The idea, as it continues to be, is that high schoolers are put in an ultra competitive situation where their behaviour and performance is rated and classes are pit against each other, earning on-site currency as rewards. They are occasionally thrust into situations where they have to compete directly in events and must devise strategies and figure out how to win or make the others lose... and that's where the story sort of breaks apart, because this season introduces a literal extreme torture situation that is marked as brutal and being reprehensible, not to mention several situations of severe violence.
This has earlier been hand-waved with "oh but you don't have proof" (and even when there is video proof, it's hardly believed), but that excuse has become not just implausible but is breaking suspension of disbelief, where students are basically left to their own devices, if only they're clever enough to do it out of sight of witnesses and cameras.
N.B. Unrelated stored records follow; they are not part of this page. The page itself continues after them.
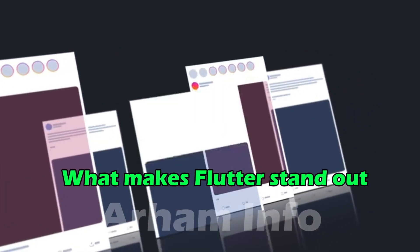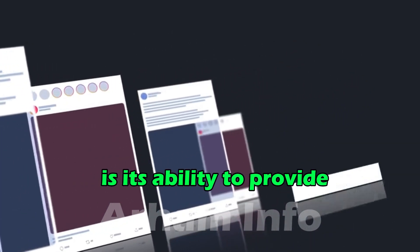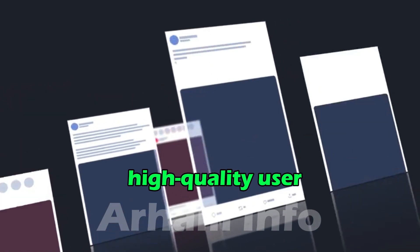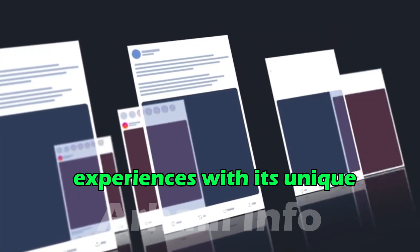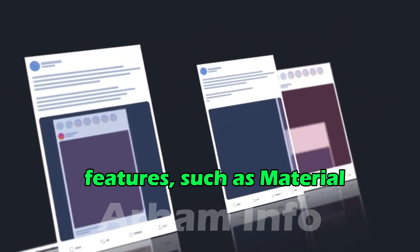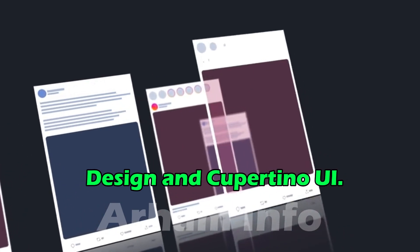What makes Flutter stand out is its ability to provide high-quality user experiences with its unique features, such as Material Design and Cupertino UI.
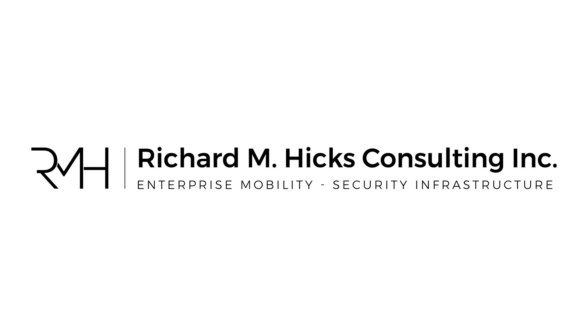Hi, this is Richard Hicks, founder and principal consultant at Richard M. Hicks Consulting, where we specialize in enterprise mobility and security infrastructure. We provide consulting services for secure remote access and public key infrastructure projects.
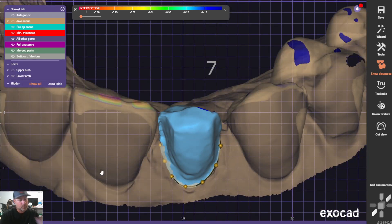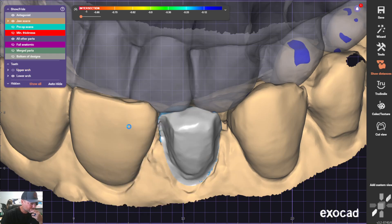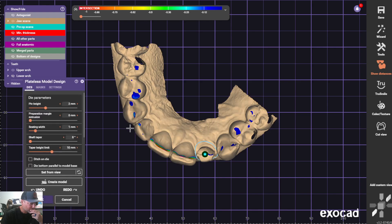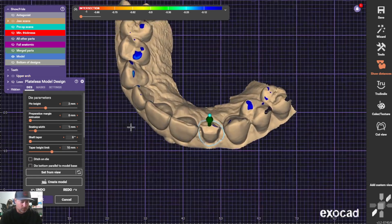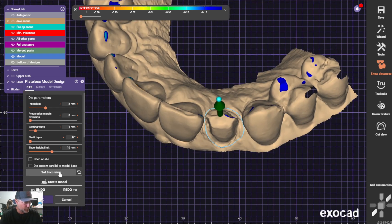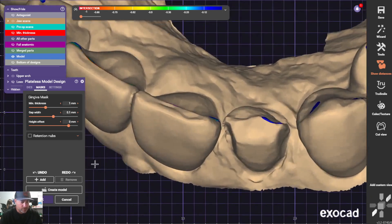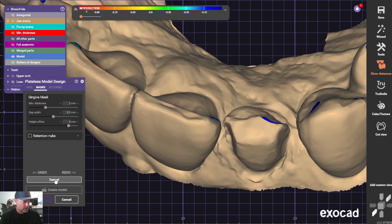Hit okay, then go to model design and set our insertion direction. Now what I did here is I chose a mask and just hit Remove. We're basically adding a gingiva mask — just hit Add — then mark your margin where you want to start ditching around your die.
The writing is very clever, it does try to explain everything at length, but the premise is breaking apart as it's just not believable. Even the 2000's "Battle Royale" is more plausible and more narratively coherent than this.
You mean to tell me that a school that encourages scheming, paranoia, bribing, backstabbing and aggressive means is producing the kind of members that society wants? I don't think so. You can argue for ruthless and strong leaders, but a hundred of them a year, if not ore of them, is only a detriment and not a benefit to society.
Still, it is entertaining and if you can turn off your suspension of disbelief, then go for it.